The RagWing RW7 Duster is a single seat, low wing, strut-braced, single engine ultralight aircraft designed by Roger Mann and sold as plans by RagWing Aircraft Designs for amateur construction.

==Design and development==
The RW7 was designed as a homebuilt aircraft category design as it is too heavy to be a US FAR 103 Ultralight Vehicles compliant aircraft with that category's 254 lb empty weight limit. The RW7 was designed as a homebuilt version of a classic crop duster and in fact can be fitted with a small aerial application system. The aircraft was developed from the earlier RagWing RW4 Midwing Sport, which in turn was developed from the RagWing RW1 Ultra-Piet. All aircraft share common construction materials and methods.

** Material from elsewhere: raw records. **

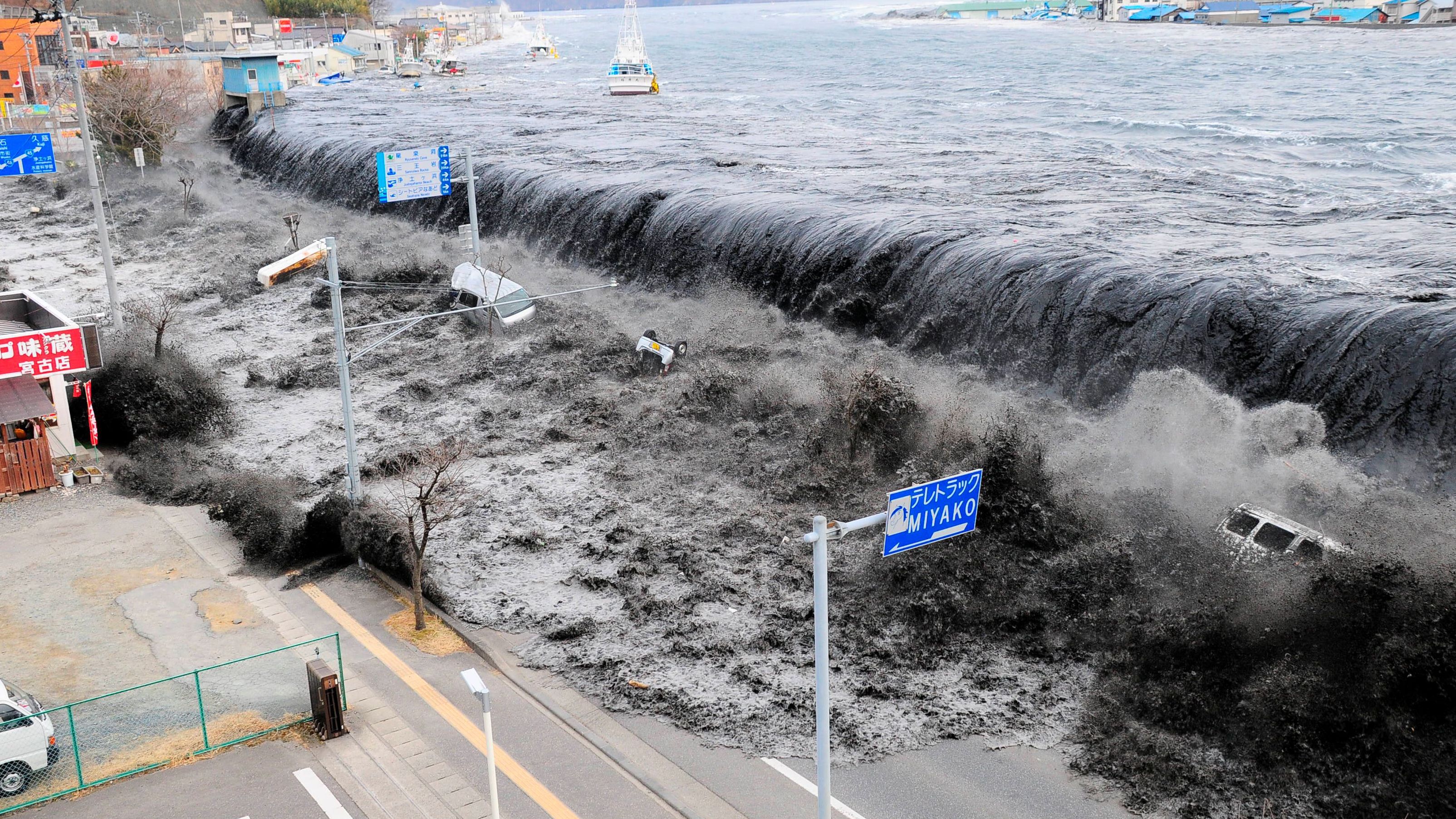 A wave approaches Miyako, Japan, after a 9.1 magnitude earthquake occurred in March 2011. <a href="https://www.cnn.com/2013/07/17/world/asia/japan-earthquake---tsunami-fast-facts/index.html" target="_blank">The earthquake</a> caused a tsunami with 30-foot waves that damaged several nuclear reactors in the area. It is the largest earthquake ever to hit Japan.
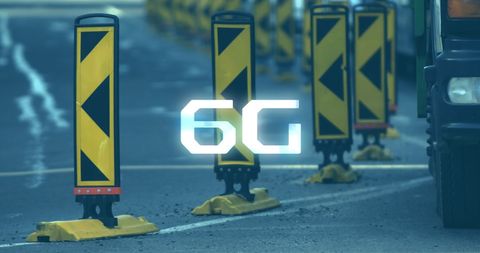 Futuristic 6g technology warning sign on busy road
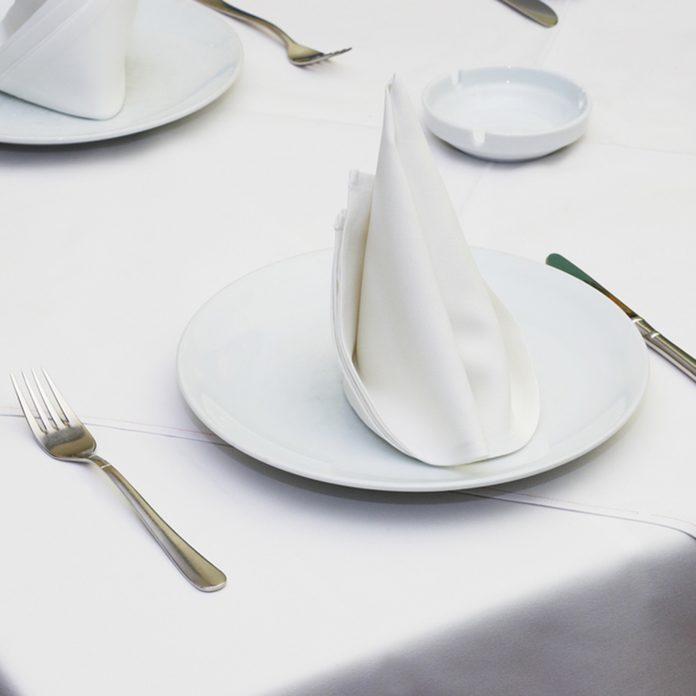 Empty served restaurant table with white tablecloth; Shutterstock ID 2382298
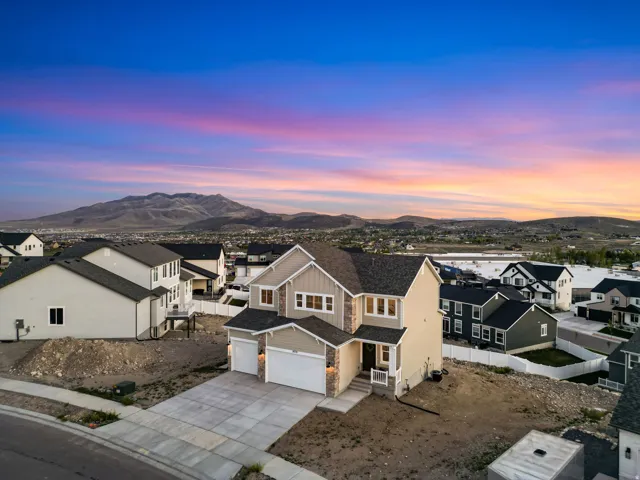Contemporary two-story residence featuring a combination of siding and stone accents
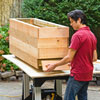 Mark Powers fastens bottom row of 1x6 boards to the planter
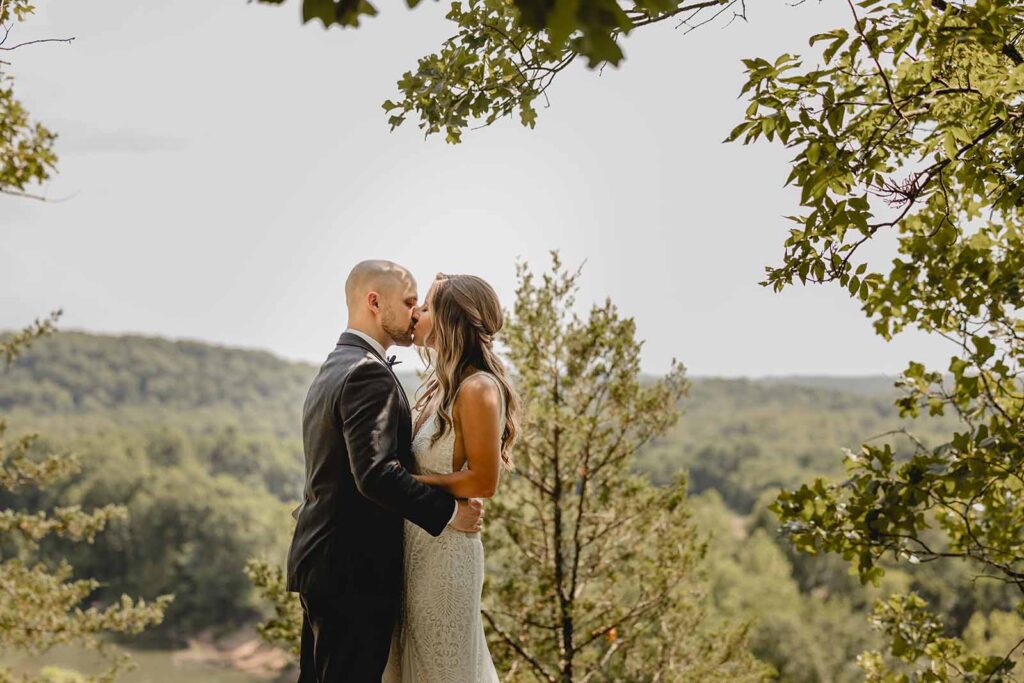 Boho bride and groom kiss on scenic overlook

The airframe is constructed entirely from wood and covered with aircraft fabric. The landing gear is of conventional configuration. The aircraft's installed power range is 28 to 52 hp and the standard engine is the 50 hp Rotax 503, although the 38 hp Kawasaki 440, Volkswagen air-cooled engine and the 35 hp Half VW have also been used.

Partial kits and construction kits were available in the late 1990s, but today the aircraft is only offered as plans. Estimated construction time is 400–600 hours, although the designer estimates 400 hours. The aircraft can be built in a single car garage, with outdoor final assembly when the wings and fuselage are completed.